From: sashiko-bot@kernel.org
To: "Richard Cheng" <icheng@nvidia.com>
Cc: linux-cxl@vger.kernel.org
Subject: Re: [PATCH v2 1/5] cxl/features: Reject feature offset that overflows 16-bit field
Date: Thu, 02 Jul 2026 11:22:21 +0000 [thread overview]
Message-ID: <20260702112221.D1BE41F000E9@smtp.kernel.org> (raw)

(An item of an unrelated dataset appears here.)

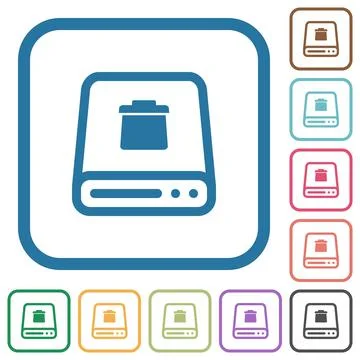 Delete from hard disk simple icons Stock Illustration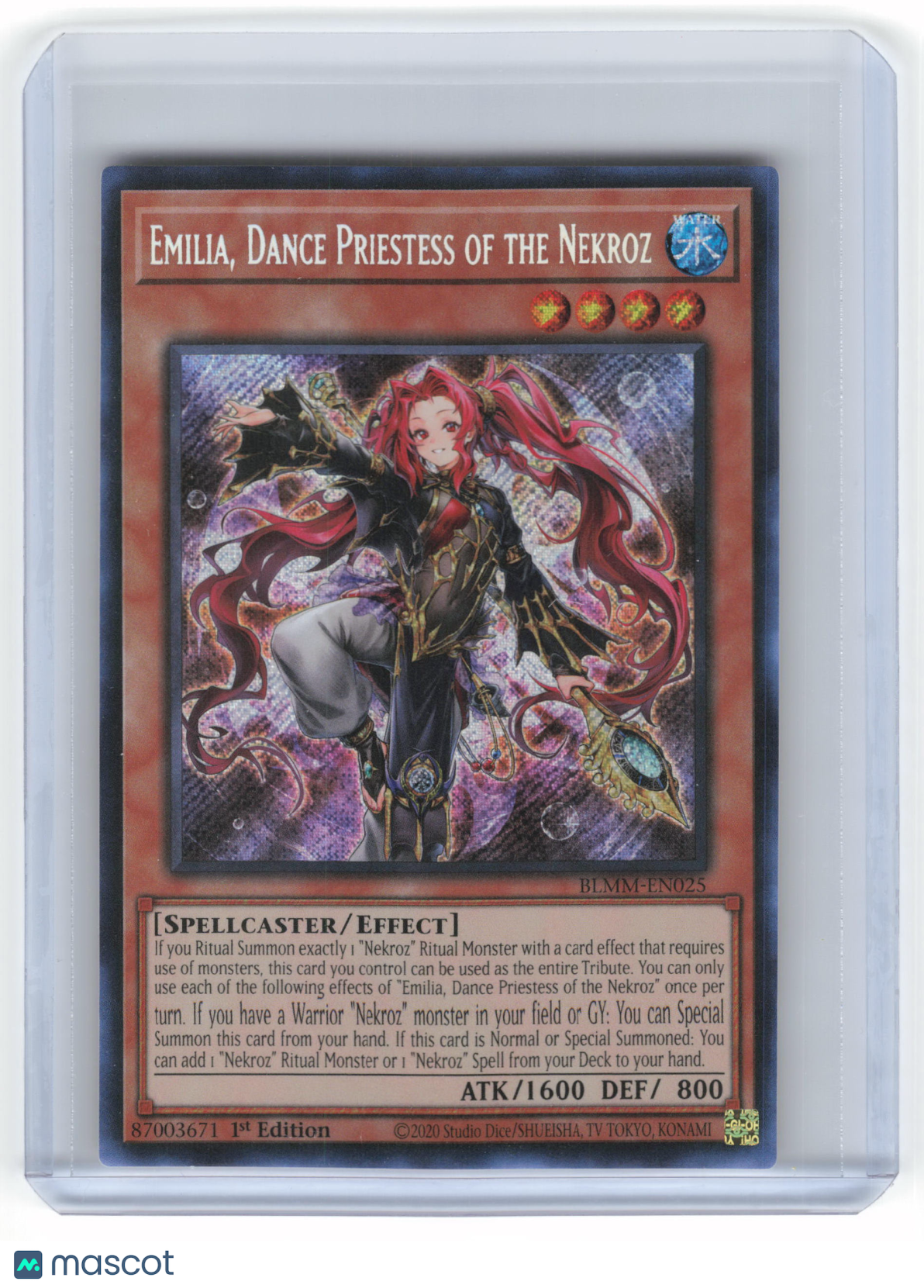 2025 Yu-Gi-Oh! Emilia, Dance Priestess of the Nekroz Holo #BLMM-EN025 1st Ed. NM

In-Reply-To: <20260702090849.47501-2-icheng@nvidia.com>
Thank you for your contribution! Sashiko AI review found 5 potential issue(s) to consider:
New issues:
- [Medium] The newly introduced boundary checks contain an off-by-one arithmetic error that wrongly rejects valid CXL mailbox commands, preventing accesses up to the exact 64KB maximum boundary.
Pre-existing issues:
- [High] Heap buffer overflow in `cxl_get_feature` due to re-using a constant `size_out` for multiple mailbox commands, which can exceed the remaining buffer space if a device returns more data than requested.
- [High] In `cxlctl_get_feature()`, the output buffer `rpc_out` is allocated based on user-provided `*out_len`, but the function copies `count` bytes into it without validating that the buffer is large enough.
- [High] `cxlctl_fw_rpc()` and its command handlers blindly read from `inbuf` (sized `in_len`) without validating that `in_len` is large enough to contain the structures and payload specified by `rpc_in->op_size`.
- [High] Multi-part CXL mailbox feature transfers lack serialization, leading to interleaved commands and hardware state corruption.
--
commit 85b87615c810272287769d45a80ec38b15c23133
Author: Richard Cheng <icheng@nvidia.com>
cxl/features: Reject feature offset that overflows 16-bit field
cxl_get_feature() and cxl_set_feature() build the mailbox command's
offset as cpu_to_le16(offset + data_rcvd_size/data_sent_size), but never
check the sum fits in the 16-bit field. Via fwctl, a user-supplied
offset plus count/op_size summing over 65535 silently wraps, steering
the device to the wrong feature offset.
> diff --git a/drivers/cxl/core/features.c b/drivers/cxl/core/features.c
> index 85185af46b72d..c3d5f88a4e045 100644
> --- a/drivers/cxl/core/features.c
> +++ b/drivers/cxl/core/features.c
> @@ -237,6 +237,9 @@ size_t cxl_get_feature(struct cxl_mailbox *cxl_mbox, const uuid_t *feat_uuid,
> if (!feat_out || !feat_out_size)
> return 0;
>
> + if (feat_out_size > U16_MAX - offset)
> + return 0;
> +
[Severity: Medium]
Will this off-by-one arithmetic error reject valid boundary cases?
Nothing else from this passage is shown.